Roman Polanski’s “An Officer and a Spy (J’Accuse),” the director and convicted child rapist’s film about the Dreyfus affair, has won a prestigious award from the Venice Film Festival.

Reviews from the festival noted that, while the film was technically accomplished, Polanski had in interviews drawn direct parallels between his own case and that of Dreyfus, a French army captain whose wrongful 1894 conviction for treason became the center of a violent escalation of French anti-Semitism.

Polanski, who pled guilty to charges of child rape in 1977, fled the United States before his sentencing in January, 1978. He has lived in Europe since.

In Dreyfus’s case, Polanski said in an interview distributed with the film’s press packet, “I can see the same determination to deny the facts and condemn me for things I have not done.”

The announcement of the film as the winner of the festival’s Silver Lion Grand Jury Prize, its second-most prestigious award, was met with dismay.

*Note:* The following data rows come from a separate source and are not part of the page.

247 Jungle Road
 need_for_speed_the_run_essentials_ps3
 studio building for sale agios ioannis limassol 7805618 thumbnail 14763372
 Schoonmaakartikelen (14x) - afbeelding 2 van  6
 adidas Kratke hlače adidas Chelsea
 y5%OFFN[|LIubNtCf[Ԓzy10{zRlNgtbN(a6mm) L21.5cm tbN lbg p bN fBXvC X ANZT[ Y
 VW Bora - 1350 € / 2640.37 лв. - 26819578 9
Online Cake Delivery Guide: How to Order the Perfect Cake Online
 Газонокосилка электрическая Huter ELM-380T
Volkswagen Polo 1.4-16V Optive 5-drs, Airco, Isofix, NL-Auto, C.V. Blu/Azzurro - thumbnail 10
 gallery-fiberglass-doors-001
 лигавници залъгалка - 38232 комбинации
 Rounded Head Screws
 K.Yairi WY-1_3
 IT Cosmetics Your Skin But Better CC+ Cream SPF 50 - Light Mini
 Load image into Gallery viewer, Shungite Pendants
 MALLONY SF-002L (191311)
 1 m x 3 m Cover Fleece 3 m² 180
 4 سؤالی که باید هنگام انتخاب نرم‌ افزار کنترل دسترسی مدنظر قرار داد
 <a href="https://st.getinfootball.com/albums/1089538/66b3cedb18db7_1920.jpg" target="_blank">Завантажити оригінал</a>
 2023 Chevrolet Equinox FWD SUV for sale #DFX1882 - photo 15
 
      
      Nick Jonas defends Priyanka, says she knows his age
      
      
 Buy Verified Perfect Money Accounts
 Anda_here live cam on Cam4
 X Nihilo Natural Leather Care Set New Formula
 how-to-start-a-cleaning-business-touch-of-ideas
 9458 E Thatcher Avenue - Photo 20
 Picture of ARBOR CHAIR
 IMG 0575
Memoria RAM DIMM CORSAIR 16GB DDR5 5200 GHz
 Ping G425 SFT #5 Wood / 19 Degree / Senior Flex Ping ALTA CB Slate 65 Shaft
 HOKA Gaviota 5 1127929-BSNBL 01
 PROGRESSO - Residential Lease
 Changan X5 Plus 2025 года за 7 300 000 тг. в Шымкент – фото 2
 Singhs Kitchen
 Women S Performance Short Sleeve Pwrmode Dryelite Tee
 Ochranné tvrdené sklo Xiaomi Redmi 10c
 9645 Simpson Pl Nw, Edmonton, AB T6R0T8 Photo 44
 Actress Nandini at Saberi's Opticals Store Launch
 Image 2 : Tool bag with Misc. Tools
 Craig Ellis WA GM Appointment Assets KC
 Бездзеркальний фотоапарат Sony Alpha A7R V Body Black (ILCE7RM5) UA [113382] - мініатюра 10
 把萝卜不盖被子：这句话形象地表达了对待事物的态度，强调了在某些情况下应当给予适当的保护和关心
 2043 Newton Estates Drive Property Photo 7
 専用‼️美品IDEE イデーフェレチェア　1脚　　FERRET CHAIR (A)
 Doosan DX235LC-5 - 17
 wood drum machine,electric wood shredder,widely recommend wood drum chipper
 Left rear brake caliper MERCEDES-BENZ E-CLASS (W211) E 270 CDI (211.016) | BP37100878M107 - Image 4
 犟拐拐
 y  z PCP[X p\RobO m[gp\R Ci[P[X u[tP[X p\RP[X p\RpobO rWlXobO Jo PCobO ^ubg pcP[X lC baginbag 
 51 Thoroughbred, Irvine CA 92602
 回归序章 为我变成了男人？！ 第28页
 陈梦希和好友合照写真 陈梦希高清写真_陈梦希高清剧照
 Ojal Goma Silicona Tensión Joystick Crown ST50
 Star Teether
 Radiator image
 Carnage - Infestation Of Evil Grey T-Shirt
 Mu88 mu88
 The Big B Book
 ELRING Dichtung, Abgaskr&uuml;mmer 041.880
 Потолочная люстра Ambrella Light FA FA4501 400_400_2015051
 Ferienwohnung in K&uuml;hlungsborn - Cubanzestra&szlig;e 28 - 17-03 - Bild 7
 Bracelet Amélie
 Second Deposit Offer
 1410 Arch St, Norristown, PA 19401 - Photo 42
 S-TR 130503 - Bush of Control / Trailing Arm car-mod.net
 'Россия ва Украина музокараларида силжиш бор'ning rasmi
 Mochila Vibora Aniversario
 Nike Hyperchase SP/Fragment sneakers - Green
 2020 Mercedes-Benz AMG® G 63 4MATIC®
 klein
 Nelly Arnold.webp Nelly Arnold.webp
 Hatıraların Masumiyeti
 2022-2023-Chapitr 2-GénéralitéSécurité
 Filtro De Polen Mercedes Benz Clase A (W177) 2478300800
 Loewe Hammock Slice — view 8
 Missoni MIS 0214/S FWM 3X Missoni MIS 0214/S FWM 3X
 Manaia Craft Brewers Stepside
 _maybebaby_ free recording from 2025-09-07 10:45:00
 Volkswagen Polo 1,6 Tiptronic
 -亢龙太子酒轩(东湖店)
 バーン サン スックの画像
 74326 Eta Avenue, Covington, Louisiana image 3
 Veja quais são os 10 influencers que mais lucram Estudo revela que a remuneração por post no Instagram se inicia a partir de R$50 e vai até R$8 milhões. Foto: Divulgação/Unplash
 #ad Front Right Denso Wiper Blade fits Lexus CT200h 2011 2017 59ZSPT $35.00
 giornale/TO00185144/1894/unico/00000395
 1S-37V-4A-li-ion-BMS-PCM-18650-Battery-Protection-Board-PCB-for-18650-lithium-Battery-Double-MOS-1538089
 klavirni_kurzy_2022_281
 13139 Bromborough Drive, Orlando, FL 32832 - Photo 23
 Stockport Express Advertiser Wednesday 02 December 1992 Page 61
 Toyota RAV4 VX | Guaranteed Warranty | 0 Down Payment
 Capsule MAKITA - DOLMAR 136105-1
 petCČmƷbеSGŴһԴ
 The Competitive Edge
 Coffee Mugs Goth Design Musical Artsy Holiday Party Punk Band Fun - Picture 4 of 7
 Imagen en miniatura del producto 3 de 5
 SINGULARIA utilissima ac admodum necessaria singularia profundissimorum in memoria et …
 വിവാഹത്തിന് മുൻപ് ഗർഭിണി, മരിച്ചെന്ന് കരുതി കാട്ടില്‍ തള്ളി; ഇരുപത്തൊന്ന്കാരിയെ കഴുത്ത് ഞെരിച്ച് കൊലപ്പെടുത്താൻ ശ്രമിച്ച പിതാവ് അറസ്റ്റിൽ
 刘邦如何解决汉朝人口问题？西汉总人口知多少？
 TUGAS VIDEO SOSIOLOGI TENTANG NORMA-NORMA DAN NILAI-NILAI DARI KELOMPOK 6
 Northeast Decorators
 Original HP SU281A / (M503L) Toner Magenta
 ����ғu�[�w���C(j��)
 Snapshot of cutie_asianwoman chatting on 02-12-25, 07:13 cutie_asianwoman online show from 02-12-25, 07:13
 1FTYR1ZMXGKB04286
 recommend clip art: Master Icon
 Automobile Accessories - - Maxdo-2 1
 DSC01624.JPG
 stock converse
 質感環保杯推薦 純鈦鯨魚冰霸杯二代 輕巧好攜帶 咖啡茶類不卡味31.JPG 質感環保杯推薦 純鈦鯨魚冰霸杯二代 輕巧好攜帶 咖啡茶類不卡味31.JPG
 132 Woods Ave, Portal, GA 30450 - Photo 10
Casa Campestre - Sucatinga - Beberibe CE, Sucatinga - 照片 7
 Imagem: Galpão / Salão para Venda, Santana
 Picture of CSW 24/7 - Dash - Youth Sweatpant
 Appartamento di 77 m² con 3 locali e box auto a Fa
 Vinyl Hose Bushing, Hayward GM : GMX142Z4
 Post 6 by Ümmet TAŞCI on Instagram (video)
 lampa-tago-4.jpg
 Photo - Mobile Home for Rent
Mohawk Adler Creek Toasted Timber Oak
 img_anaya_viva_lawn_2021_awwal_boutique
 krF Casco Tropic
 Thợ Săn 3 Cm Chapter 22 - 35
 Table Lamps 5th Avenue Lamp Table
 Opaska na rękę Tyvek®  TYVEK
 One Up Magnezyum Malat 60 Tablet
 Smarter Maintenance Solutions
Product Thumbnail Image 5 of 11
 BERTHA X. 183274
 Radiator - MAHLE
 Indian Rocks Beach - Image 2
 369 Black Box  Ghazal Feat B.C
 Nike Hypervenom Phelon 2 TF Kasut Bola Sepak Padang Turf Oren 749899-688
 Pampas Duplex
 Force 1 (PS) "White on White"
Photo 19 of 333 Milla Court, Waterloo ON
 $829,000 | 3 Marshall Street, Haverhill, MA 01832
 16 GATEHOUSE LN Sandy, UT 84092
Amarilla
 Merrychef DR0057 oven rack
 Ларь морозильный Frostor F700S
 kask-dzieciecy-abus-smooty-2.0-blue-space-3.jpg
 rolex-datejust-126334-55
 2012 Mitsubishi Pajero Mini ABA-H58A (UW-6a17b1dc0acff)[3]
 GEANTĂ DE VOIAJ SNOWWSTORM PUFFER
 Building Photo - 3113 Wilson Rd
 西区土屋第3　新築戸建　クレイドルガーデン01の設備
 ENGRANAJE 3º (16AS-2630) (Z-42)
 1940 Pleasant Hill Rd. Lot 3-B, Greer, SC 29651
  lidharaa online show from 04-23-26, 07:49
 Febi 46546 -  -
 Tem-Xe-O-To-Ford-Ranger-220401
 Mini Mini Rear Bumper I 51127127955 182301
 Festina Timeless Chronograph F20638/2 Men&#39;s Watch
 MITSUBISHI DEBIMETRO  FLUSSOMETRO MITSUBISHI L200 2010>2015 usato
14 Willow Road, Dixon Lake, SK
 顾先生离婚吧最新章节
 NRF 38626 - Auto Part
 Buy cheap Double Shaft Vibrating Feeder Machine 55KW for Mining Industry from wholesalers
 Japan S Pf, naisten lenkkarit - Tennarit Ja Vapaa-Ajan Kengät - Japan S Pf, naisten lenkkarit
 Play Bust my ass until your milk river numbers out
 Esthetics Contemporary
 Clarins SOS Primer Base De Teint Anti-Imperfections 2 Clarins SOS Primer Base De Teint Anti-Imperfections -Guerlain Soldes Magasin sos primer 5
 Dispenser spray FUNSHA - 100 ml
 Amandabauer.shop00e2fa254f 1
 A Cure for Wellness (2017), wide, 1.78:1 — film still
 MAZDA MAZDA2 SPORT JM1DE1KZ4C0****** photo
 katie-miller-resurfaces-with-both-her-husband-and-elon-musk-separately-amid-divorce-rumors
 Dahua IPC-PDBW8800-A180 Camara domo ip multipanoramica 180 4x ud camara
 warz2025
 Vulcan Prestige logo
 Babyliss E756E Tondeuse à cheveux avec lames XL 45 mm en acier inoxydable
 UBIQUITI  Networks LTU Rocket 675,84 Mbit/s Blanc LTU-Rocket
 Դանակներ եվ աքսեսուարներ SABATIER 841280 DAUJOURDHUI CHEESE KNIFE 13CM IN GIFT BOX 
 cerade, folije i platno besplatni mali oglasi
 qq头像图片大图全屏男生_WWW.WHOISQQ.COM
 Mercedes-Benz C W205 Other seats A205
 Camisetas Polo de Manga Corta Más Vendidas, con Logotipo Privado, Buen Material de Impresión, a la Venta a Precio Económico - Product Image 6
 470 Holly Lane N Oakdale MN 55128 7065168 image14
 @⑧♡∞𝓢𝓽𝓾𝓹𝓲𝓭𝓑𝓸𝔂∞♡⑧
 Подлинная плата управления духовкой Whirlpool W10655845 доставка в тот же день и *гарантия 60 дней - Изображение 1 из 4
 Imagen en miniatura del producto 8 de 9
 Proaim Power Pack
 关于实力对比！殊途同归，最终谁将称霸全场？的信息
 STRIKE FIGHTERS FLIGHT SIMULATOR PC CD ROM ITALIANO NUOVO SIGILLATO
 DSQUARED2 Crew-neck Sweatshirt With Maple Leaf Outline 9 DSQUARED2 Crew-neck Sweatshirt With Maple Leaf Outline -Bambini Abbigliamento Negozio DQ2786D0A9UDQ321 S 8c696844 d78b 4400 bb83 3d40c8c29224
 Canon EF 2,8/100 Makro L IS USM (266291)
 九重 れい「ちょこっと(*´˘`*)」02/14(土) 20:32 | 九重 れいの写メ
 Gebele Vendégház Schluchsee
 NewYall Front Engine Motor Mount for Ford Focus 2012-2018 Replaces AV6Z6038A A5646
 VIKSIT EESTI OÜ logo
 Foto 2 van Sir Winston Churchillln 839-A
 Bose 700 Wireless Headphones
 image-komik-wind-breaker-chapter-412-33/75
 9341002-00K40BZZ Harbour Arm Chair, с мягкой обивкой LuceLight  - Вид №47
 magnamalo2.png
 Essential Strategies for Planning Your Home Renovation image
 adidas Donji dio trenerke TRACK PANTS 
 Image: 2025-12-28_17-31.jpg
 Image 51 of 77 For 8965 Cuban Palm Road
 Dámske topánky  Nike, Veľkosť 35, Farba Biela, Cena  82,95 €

Writing for Jezebel, Emily Alford summarized the source of the sentiments. “Since his conviction, Polanski has been persecuted with an Oscar, two Golden Globes, and the Cannes Palme d’Or,” she wrote, “which is exactly like the story he tells in his film except that Alfred Dreyfus didn’t do it, had to go to prison after he was convicted, and wasn’t given a wheelbarrow full of awards by people who never gave a shit about the crime he was accused of in the first place.”